> [TASK TO CARRY OUT]:
Once the images are set aside, output the listing exactly as it stands.

> [DATA SECTION]:

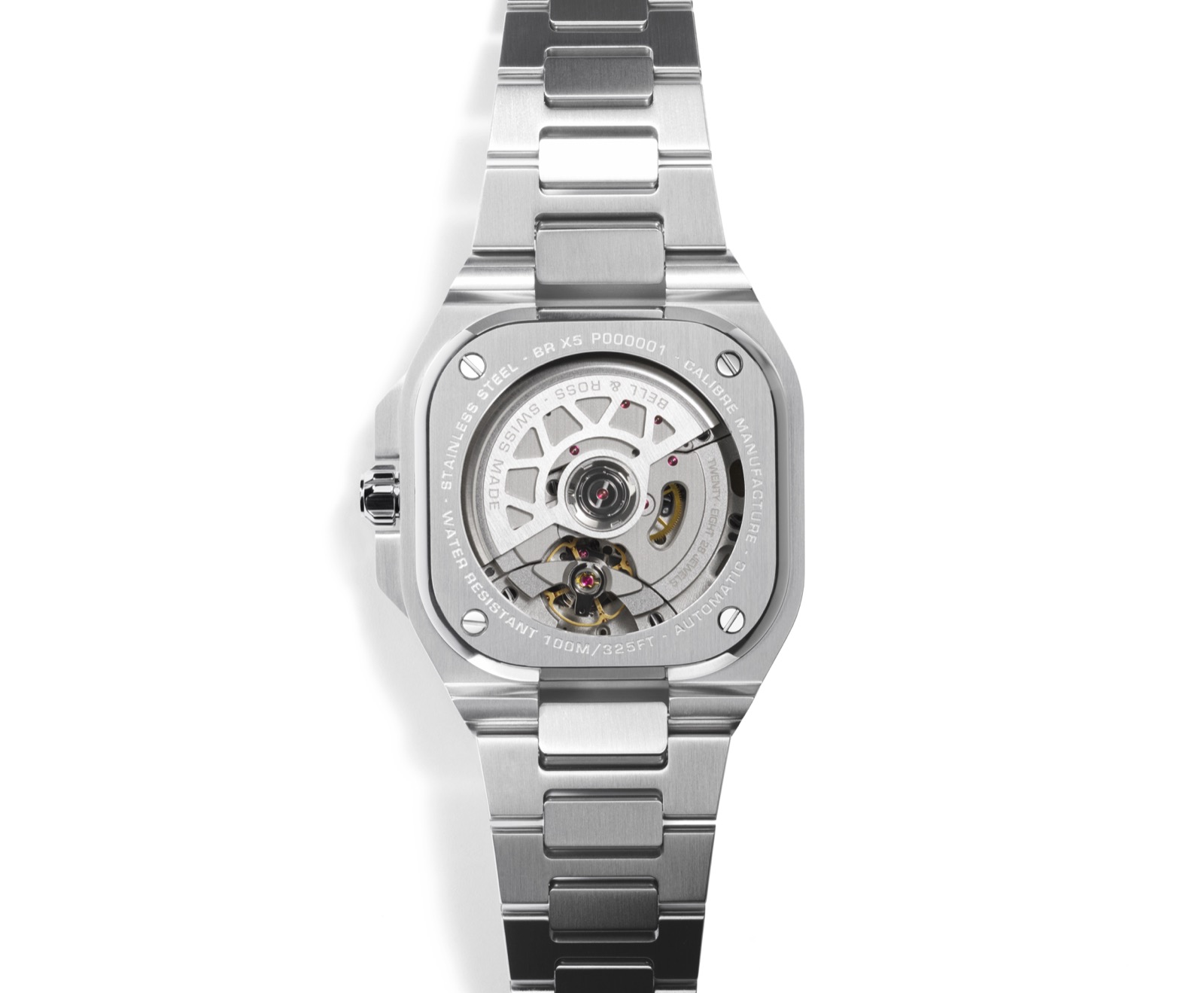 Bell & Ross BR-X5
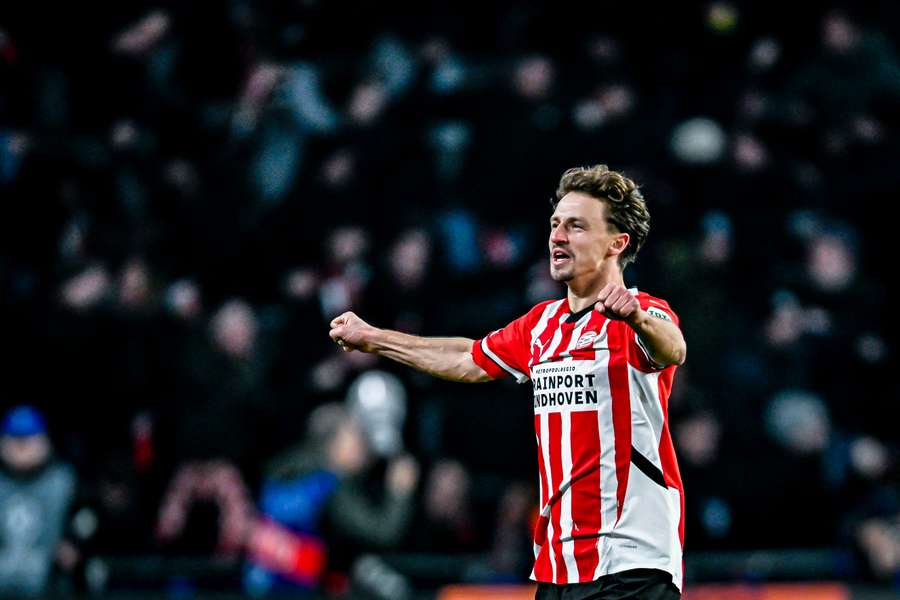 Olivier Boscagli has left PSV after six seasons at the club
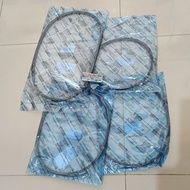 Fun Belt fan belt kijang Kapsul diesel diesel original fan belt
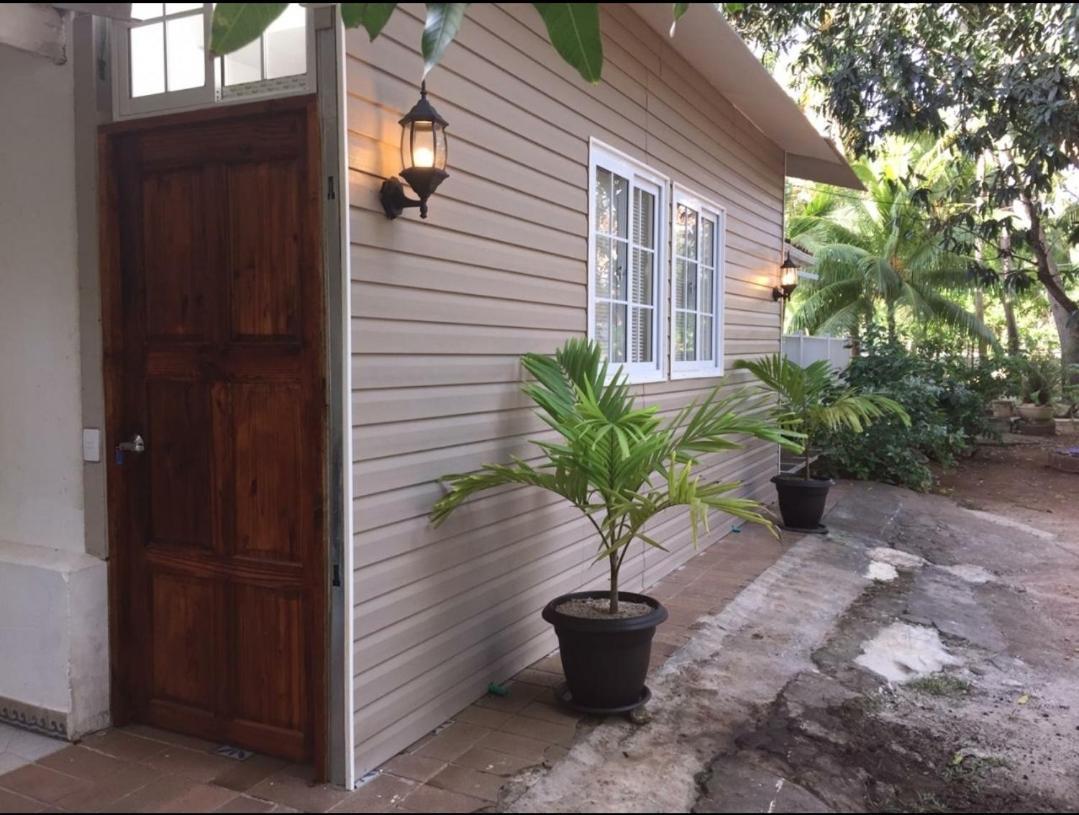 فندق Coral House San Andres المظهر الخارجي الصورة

> [RESULT OF THIS TASK]:
 Bell & Ross BR-X5
 Olivier Boscagli has left PSV after six seasons at the club
 Fun Belt fan belt kijang Kapsul diesel diesel original fan belt
 فندق Coral House San Andres المظهر الخارجي الصورة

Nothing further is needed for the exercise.